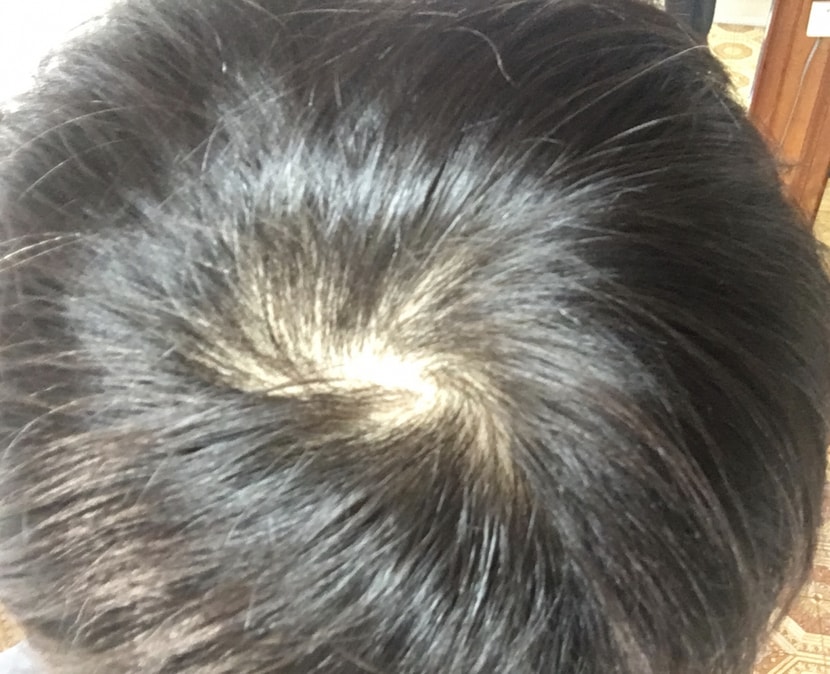 형광등 밑 정수리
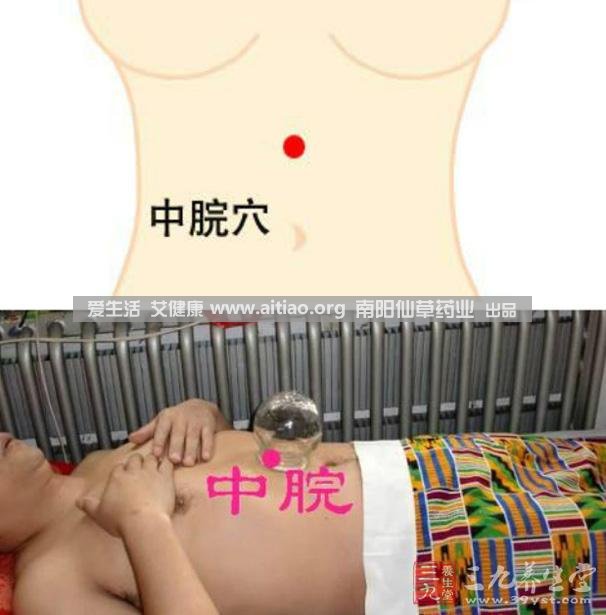 中脘穴位于腹部正中線，臍上4寸的位置上。每天艾灸10-15分鐘，能有效緩解胃部不適的癥狀，同時(shí)有助于祛濕。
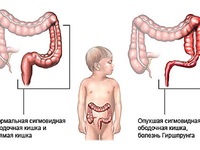 Болезнь гиршпрунга и ее последствия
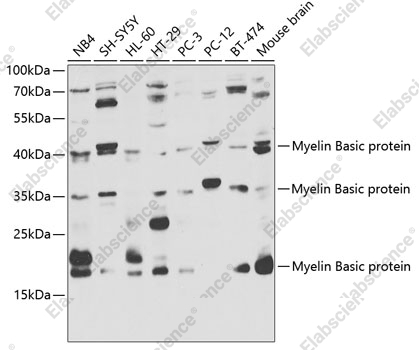 Вестерн-блоттинг, Myelin Basic protein, различные клеточные линии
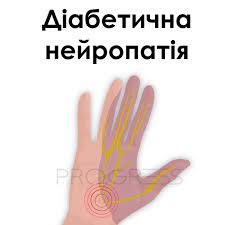 Діабетична нейропатія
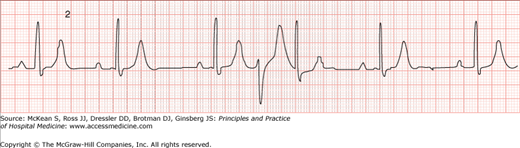 Ventricular Arrhythmias | Anesthesia Key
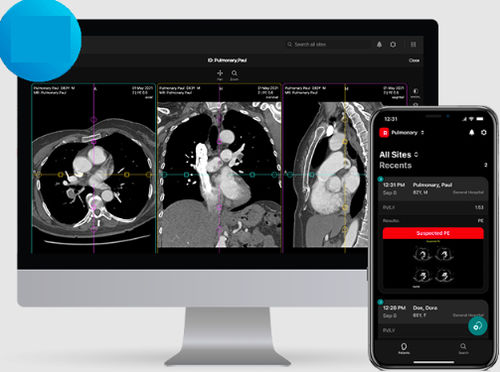 Software médico - PE - RapidAI - clínico / visualizador / de diagnóstico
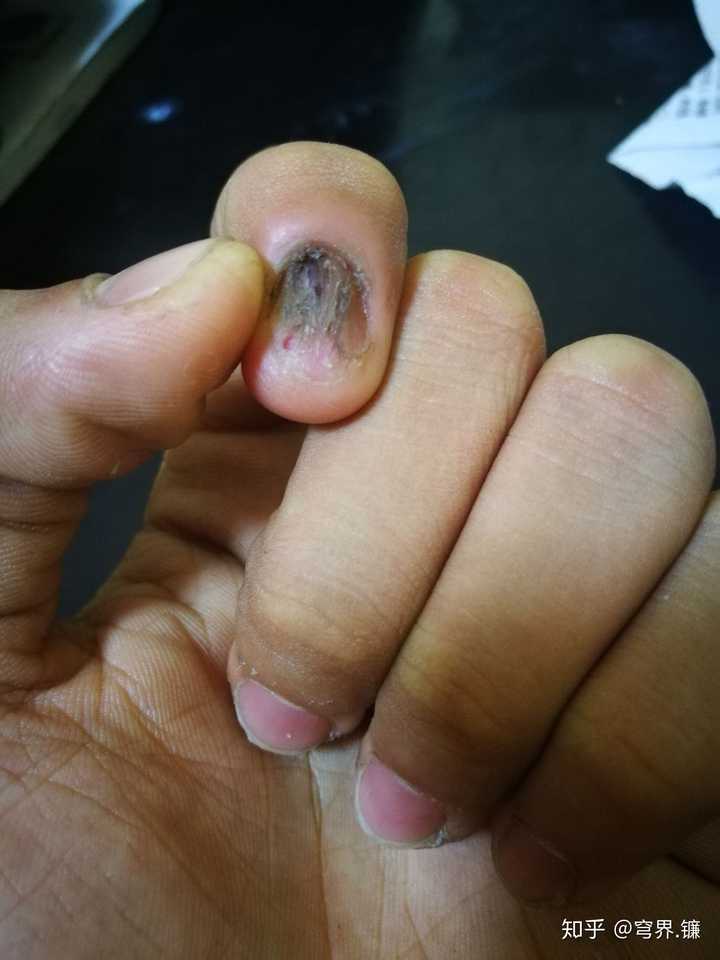 指甲上有一条淡淡黑线,怎么回事?两年了.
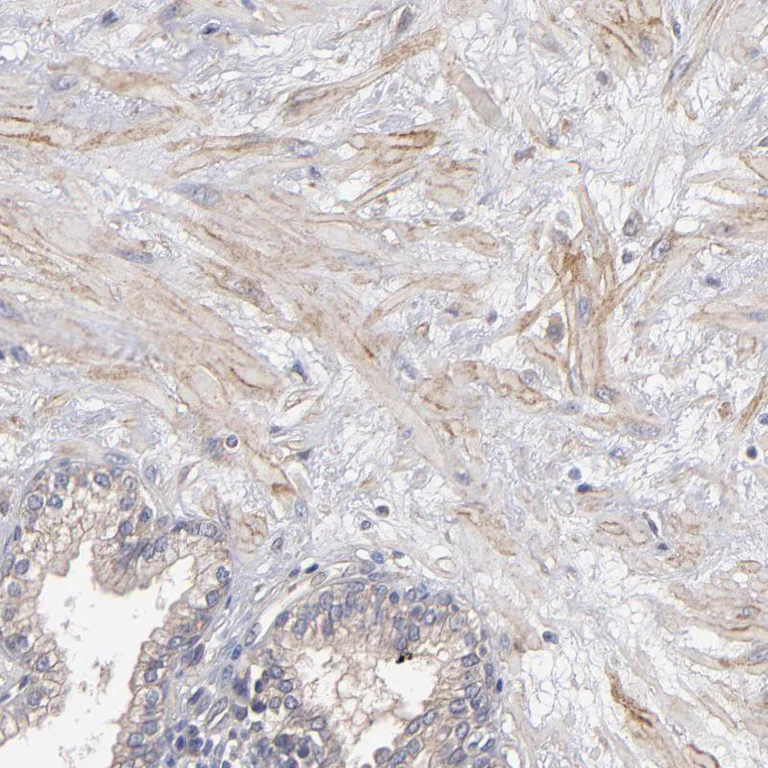 Immunohistochemistry (Formalin/PFA-fixed paraffin-embedded sections) - Anti-Dystrophin antibody (AB251665)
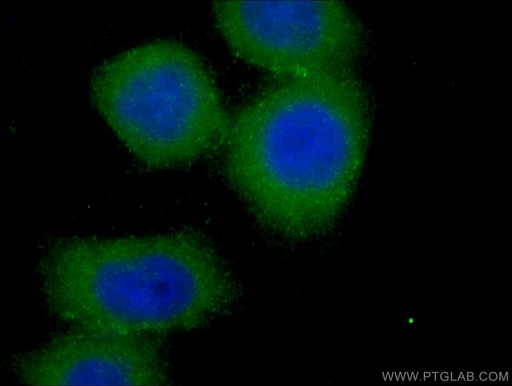 [12569-1-AP-150UL] SCFD1 Polyclonal antibody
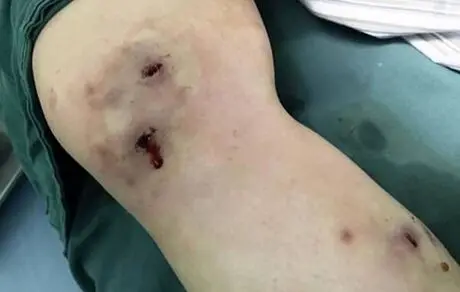 وحشت یک دختر از خروج کرم از زیر پوستش!+ عکس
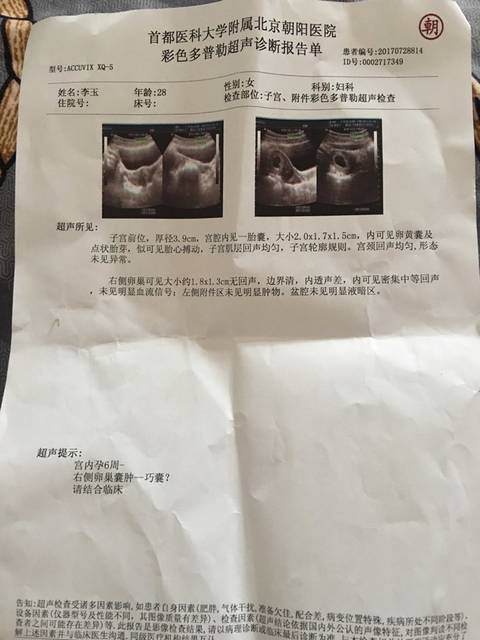 巧囊是什么_巧克力囊肿的治疗方法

━━━━━━━━━━━━━━━━━━━━━━━━━━━━━━

Your answer must be a verbatim copy of the entries above, with no images included.

 형광등 밑 정수리
 中脘穴位于腹部正中線，臍上4寸的位置上。每天艾灸10-15分鐘，能有效緩解胃部不適的癥狀，同時(shí)有助于祛濕。
 Болезнь гиршпрунга и ее последствия
 Вестерн-блоттинг, Myelin Basic protein, различные клеточные линии
 Діабетична нейропатія
 Ventricular Arrhythmias | Anesthesia Key
 Software médico - PE - RapidAI - clínico / visualizador / de diagnóstico
 指甲上有一条淡淡黑线,怎么回事?两年了.
 Immunohistochemistry (Formalin/PFA-fixed paraffin-embedded sections) - Anti-Dystrophin antibody (AB251665)
 [12569-1-AP-150UL] SCFD1 Polyclonal antibody
 وحشت یک دختر از خروج کرم از زیر پوستش!+ عکس
 巧囊是什么_巧克力囊肿的治疗方法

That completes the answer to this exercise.